Même si son score est inférieur à celui obtenu aux européennes, le rassemblement Europe Écologie s’installe au plan électoral comme la seconde force politique à gauche. Les raisons de ce succès sont multiples. Au premier plan, des préoccupations écologistes fortes dans la population, liées pour l’essentiel à l’inquiétude sur l’avenir de l’humanité du fait de la crise climatique. Même si le programme des Verts et de leurs alliés ne porte pas une réponse à la hauteur des enjeux ce qui supposerait de rompre avec le modèle de production capitaliste, il n’en demeure pas moins qu’ils incarnent l’écologie plus que quiconque. Les écolos captent en même temps une aspiration au
renouvellement de la classe politique même si cela ne correspond pas à la réalité car les principaux responsables de ce courant politique sont largement mouillés dans le jeu institutionnel, en alliance avec le PS, dans les conseils régionaux sortants et au gouvernement entre 1997 et 2002.

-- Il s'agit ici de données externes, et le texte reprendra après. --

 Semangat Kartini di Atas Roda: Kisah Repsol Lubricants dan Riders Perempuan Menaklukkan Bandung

Du côté du Front de gauche, le résultat est plutôt bon dans le contexte. Il est difficile de comparer d’une élection à l’autre car en 2004, le PCF a présenté des listes indépendantes dans sept régions alors que le Front de gauche était présent cette fois dans dix-sept d’entre elles. Mais pour prendre deux exemples comparables, le PCF perd en pourcentage en Île-de-France, en Auvergne et en Limousin (ici malgré une alliance large allant jusqu’au NPA) et gagne des points en Aquitaine. Aux régionales, le Front de gauche enregistre une moyenne de 6,95 % contre 6,45 % aux européennes mais avec des résultats très contrastés et des pointes dans les bastions traditionnels PCF. Le fait est qu’en choisissant l’alliance avec le Parti de gauche, le PCF, lors de ces deux élections, a enrayé son déclin continu entamé dans les années 1980 sans pouvoir toutefois inverser la courbe et rencontrer une dynamique nette.

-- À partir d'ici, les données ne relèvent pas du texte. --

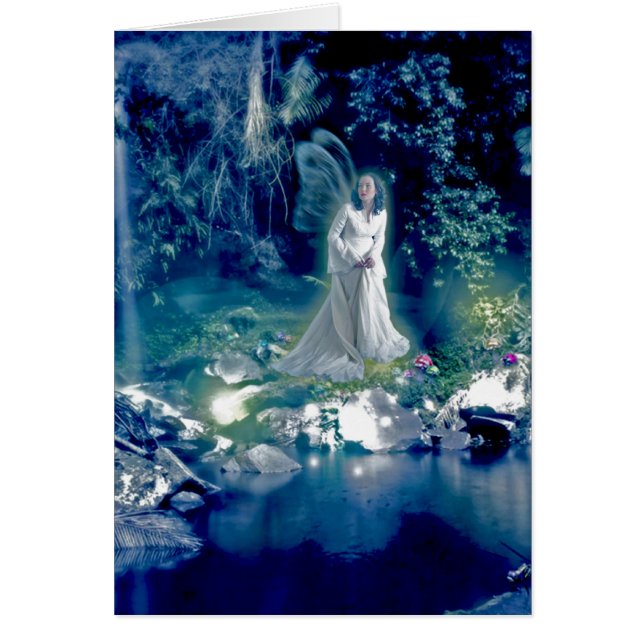 Felik drottning hälsningskort (Framsidan)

« (Les) élus (du Front de gauche) agiront sans trêve pour que les régions soient des boucliers face à la politique antisociale du pouvoir et des lieux d’innovation pour des politiques alternatives au libéralisme » indiquait l’éditorialiste de l’Humanité, le 16 mars. Un discours déjà entendu en 2004 quand le PCF, allié du PS, prenait la direction d’une écrasante majorité de régions et qui ne s’est pas traduit dans les faits.
Le Front de gauche est confronté à d’épineuses questions. Celle du leadership entre Jean-Luc Mélenchon et les dirigeants communistes avec une concurrence qui ira crescendo en avançant vers les présidentielles. Celle des rapports avec le PS, tant le risque est fort de décevoir les espoirs populaires dans un gouvernement d’union de la gauche relooké. Malgré tout, nous sommes prêts à la fois à poursuivre le débat avec le Front de gauche sur les perspectives politiques et à agir ensemble pour bloquer la politique de Sarkozy tout de suite, et d’abord en œuvrant au succès de la mobilisation pour la défense des retraites.